Центральным эпизодом повести является момент, когда в круг сознания Адриана Прохорова будет введена точка зрения, полагающая объективную двусмысленность фатально присущей ремеслу гробовщика. Когда на серебряной свадьбе сапожника прозвучит тост: «За здоровье тех, на которых мы работаем…», – и будочник Юрко под всеобщий смех скажет Адриану: «Что же? пей, батюшка, за здоровье своих мертвецов», – впервые в жизни Адриан столкнется с тем, что его положение в мире может осознаваться как «остроумное».[148] Всеобщий смех и отсутствие поклонов в сторону Адриана прочитывается им как недоверие живых людей к его искренности, ибо, когда гробовщик желает здоровья и жизни людям, ему профессионально выгодны лишь смерти.

Реакция Адриана на смех гостей – реакция обиды: «… гробовщик почел себя обиженным». В этом месте повести выясняется, что подобная трактовка его профессиональной деятельности впервые становится достоянием его сознания.

Двусмысленность помещенности гробовщика среди живых людей указана Адриану из другой национальной и вероисповедной среды, и это не случайно.
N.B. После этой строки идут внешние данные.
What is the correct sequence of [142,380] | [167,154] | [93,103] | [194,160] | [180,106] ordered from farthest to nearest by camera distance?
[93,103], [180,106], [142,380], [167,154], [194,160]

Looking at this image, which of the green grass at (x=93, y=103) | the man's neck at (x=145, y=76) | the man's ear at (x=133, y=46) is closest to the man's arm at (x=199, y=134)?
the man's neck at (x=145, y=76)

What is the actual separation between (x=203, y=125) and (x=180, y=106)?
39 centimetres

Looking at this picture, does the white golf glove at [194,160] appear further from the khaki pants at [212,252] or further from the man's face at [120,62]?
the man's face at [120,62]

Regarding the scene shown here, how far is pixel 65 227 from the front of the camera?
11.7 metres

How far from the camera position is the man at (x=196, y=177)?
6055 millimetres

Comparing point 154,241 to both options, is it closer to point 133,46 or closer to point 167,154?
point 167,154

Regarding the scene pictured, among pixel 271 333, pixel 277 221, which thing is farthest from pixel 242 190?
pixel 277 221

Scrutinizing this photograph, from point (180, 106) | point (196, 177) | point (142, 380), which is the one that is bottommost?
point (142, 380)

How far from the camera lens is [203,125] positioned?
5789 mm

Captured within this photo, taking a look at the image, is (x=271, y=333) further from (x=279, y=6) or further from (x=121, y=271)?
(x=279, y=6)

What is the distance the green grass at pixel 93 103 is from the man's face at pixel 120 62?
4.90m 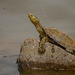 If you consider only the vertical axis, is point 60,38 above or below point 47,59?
above

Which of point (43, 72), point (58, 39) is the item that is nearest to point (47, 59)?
point (43, 72)

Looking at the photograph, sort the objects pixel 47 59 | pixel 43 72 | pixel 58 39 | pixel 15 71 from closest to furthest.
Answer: pixel 43 72, pixel 15 71, pixel 47 59, pixel 58 39

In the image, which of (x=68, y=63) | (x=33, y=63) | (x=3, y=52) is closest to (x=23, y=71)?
(x=33, y=63)

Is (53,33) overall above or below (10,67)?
above

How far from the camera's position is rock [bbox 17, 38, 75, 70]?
8000 millimetres

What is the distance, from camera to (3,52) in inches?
418

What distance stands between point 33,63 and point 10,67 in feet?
3.18

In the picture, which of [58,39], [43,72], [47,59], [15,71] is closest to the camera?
[43,72]

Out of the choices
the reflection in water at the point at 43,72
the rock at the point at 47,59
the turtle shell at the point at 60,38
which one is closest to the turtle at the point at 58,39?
the turtle shell at the point at 60,38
Всеобщий смех немцев-ремесленников означает, что живым людям изделия гробовщика не нужны, а мертвым уже все равно, честно ли работал над своим изделием мастер, – таким образом, ремесло и мастерство гробовщика объективно полагается немцами фатально плутовским. Люди, смеющиеся над ролью гробовщика, исходят из предположения, что смерть есть абсолютный конец жизни, что между миром живых и миром мертвых нет никакой взаимосвязи. Любое ремесло оправдано людской потребностью в нем, ремесленник нечестен, когда производит вещи, непригодные к употреблению. Смех ремесленников полагает непреодолимую пропасть между единством земного общежития людей и гробовщиком, у которого, с их точки зрения, нет благодарных клиентов.